[Opening Dataset extract section]

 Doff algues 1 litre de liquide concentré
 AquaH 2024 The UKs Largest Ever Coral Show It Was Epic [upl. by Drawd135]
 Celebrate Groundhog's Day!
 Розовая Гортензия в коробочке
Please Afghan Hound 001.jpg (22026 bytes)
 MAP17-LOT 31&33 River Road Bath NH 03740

[Closing Dataset extract section]
[Opening Dataset extract section]

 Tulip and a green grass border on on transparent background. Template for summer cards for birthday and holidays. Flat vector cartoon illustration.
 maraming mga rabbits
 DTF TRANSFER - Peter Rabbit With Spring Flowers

[Closing Dataset extract section]
[Opening Dataset extract section]

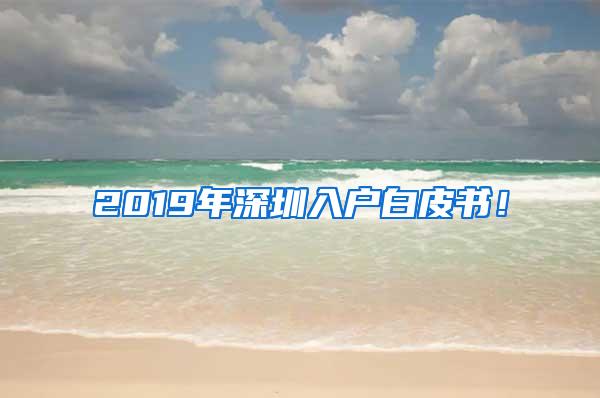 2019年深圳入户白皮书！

[Closing Dataset extract section]

> [Task to carry out]:
In the entries above, one line contains "Doff algues 1 litre de liquide concentré" and another contains "MAP17-LOT 31&33 River Road Bath NH 03740". Reproduce exactly those two lines and the lines between them, nothing else.

> [Exercise result]:
 Doff algues 1 litre de liquide concentré
 AquaH 2024 The UKs Largest Ever Coral Show It Was Epic [upl. by Drawd135]
 Celebrate Groundhog's Day!
 Розовая Гортензия в коробочке
Please Afghan Hound 001.jpg (22026 bytes)
 MAP17-LOT 31&33 River Road Bath NH 03740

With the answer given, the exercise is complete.